I mentioned in my last post that I don't believe in grade inflation. I also don't believe in "learning styles." There is no such animal as an "auditory learner." With the exception of those with hearing loss, we are all auditory learners. We are also visual and kinesthetic learners. Our brain processes information in different ways. All of these methods of input have an impact on our learning and memory.
I have been thinking more and more about the kinesthetic part as of late. As we move further into a digital age, what will become of "hands on" learning? I understand that an online dissection can replace a real one...that a flash-based simulation can model experiments that students might not be able to complete in a school setting...that open-source tools can put powerful options into the hands of kids to create new meaning from the knowledge they've gained. There are amazing wonders to be had...but what will we lose in the process?

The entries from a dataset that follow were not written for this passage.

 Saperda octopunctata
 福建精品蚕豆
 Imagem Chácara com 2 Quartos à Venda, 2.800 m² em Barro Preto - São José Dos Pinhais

I haven't looked around to see if there is any ed research out there comparing the learning that occurs in a digital environment vs. real world manipulative one. I'm sure that each can be effective in their own ways. What I'm most interested in at the moment is how a teacher would determine when to use one or the other---is that based on the student or the content? Does the purpose of the learning and cognitive demand necessary make a difference when selecting one form or another?
It would seem unlikely that hands-on opportunities will disappear from lower grades. I have a hard time imagining elementary schools without scissors, glue, paint, sand, and other bits of analog exploration. At upper grades, as 1-to-1 programs become more popular and learning is moved beyond meatspace, will we forget what it is like to reach out and touch some learning?